2015年1月17日(土)深夜1:35~2:30

色あせたフェニックス ~震災20年の復興住宅~

内容

阪神淡路大震災から20年となります。被災地は賑わいを取り戻し、復興は成し遂げられたように見えます。しかし、震災で家を失い、自力再建がかなわなかった人たちが暮らす復興住宅は、今も様々な課題を抱えています。
2014年9月に放送した『ザ・ドキュメント~復興住宅 高齢者の反乱~』では、神戸市長田区の復興住宅を舞台に、住民の高齢化が進み深刻な事態となっていることを指摘しました。

続編となる今回の番組では、さらに複数の復興住宅に視点を広げ、孤独や死への不安を感じながら暮らしている復興住宅の住民の日常を見つめ、復興の意味について考えます。

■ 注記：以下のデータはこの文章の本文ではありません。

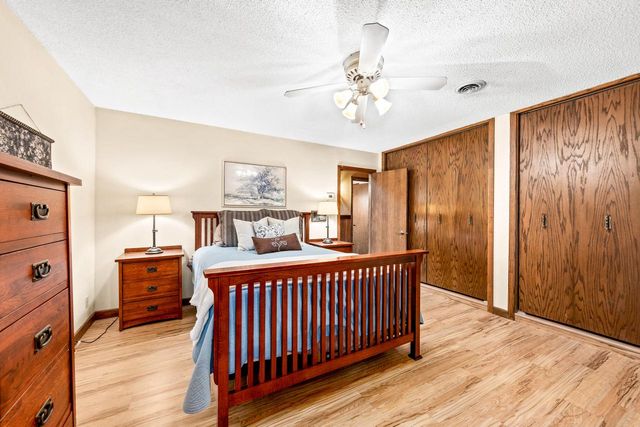 W208S6977 High Bluff DRIVE, Muskego, WI 53150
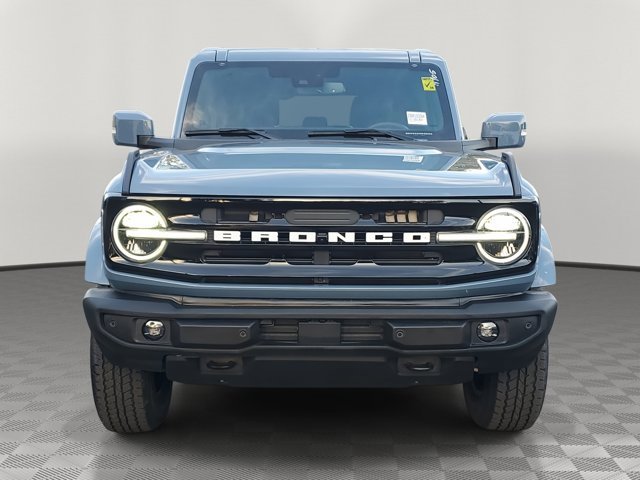 Used 2025 Ford Bronco Outer Banks image 2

前作の舞台となった兵庫県営西尻池高層住宅は、住居数の9割が高齢者専用で、住民の平均年齢は77歳に達しています。高齢化のために住民同士の助け合いや自治会活動が難しくなっていました。
自治会の副会長は、持病悪化のために引退を決めましたが後継者がおらず、自治会解散について議論が巻き起こりました。
ここまでは前作でお伝えしましたが、その後、家主である兵庫県側の動きも加わって、話は意外な方向へ動き出します。

目を神戸市垂水区のベルデ名谷に転じます。7棟が立ち並び約900戸が入居。大規模な復興住宅として注目を集めました。当初は自治会活動も盛んで、7つの棟それぞれに自治会ができ、活動の活発さを競うような時期もありました。
しかし例にもれず、住民の高齢化が進んで、自治会の活動は低調に。6号棟自治会は今年、会長が亡くなって解散しました。亡くなった会長が世話役だった1月17日の震災犠牲者追悼式典も、2015年を最後とすることが決まりました。ベルデ名谷は今、転換点を迎えています。
震災時に60歳だった人は80歳。これからますます生活支援が必要となってくる時期ですが、支援ニーズに反比例するように地域の力が衰え、外部からのサポートが減っています。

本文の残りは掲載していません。